IFComp 2011: Operation Extraction

Spoilers follow the break.

And finally I’m up to the third and last of this year’s HTML/Javascript games, and the one that’s the least like conventional IF, in that there’s no specific player character. You’re in control of a team of three people, a strike force trying to rescue an abducted weapons researcher by disrupting a planned transfer from the hotel where she’s being held to a more secure location. Most of the time, your people move about independently and on their own schedule, and all you can do is switch your vantage point, and therefore whose actions you’re observing. Every once in a while, though, one of them will face a decision, and you get to tell them what to do — provided you’re with them at the time.

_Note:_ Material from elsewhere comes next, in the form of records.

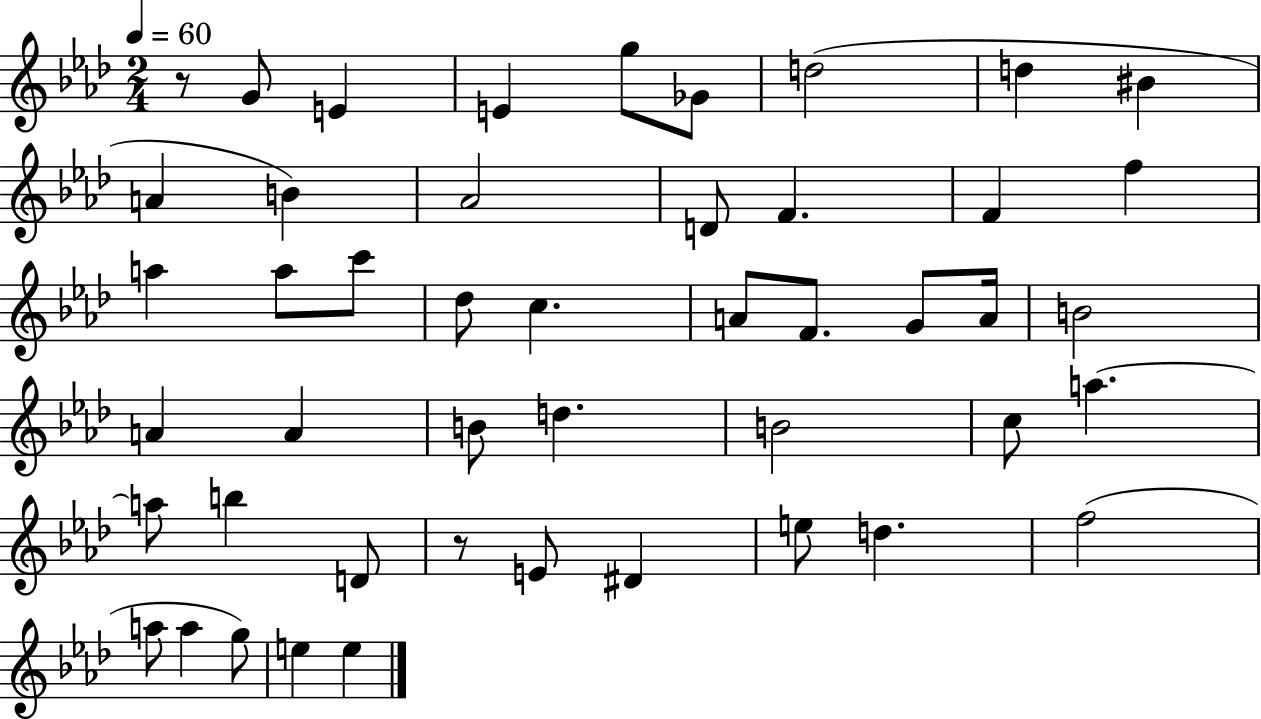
{
  \clef treble
  \numericTimeSignature
  \time 2/4
  \key aes \major
  \tempo 4 = 60
  \repeat volta 2 { r8 g'8 e'4 | e'4 g''8 ges'8 | d''2( | d''4 bis'4 | \break a'4 b'4) | aes'2 | d'8 f'4. | f'4 f''4 | \break a''4 a''8 c'''8 | des''8 c''4. | a'8 f'8. g'8 a'16 | b'2 | \break a'4 a'4 | b'8 d''4. | b'2 | c''8 a''4.~~ | \break a''8 b''4 d'8 | r8 e'8 dis'4 | e''8 d''4. | f''2( | \break a''8 a''4 g''8) | e''4 e''4 | } \bar "|."
}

The whole business of switching between characters acting in realtime reminds me a bit of an old FMV game called Psychic Detective, which gave you the ability to ride around in people’s heads. Both in this game and that one, it’s tempting to just go switching from person to person at random in an attempt to get the big picture, but sticking with each character through an entire play-through is the best way to grasp what’s going on and where everything is. There’s one big difference between the two games, though: here, you’re not bound to characters. Every time the person you’re following leaves the room, you have to explicitly follow them with your next click or get left behind. Also, you can just go wandering off by yourself if you like. Although you can jump instantly to any member of your team, most of the hyperlinks in this game perform IF-style room-by-room navigation. It gives an impression that you’re a real but invisible and intangible entity in the gameworld, like a spectator in a FPS. And yet, when you’re with one of the player characters, you often get their inner thoughts narrated to you.

The story is serviceable enough, and seems to have a fairly large number of variations and endings where different members of your team get killed or not. But it’s more interesting as a formal experiment than as a story.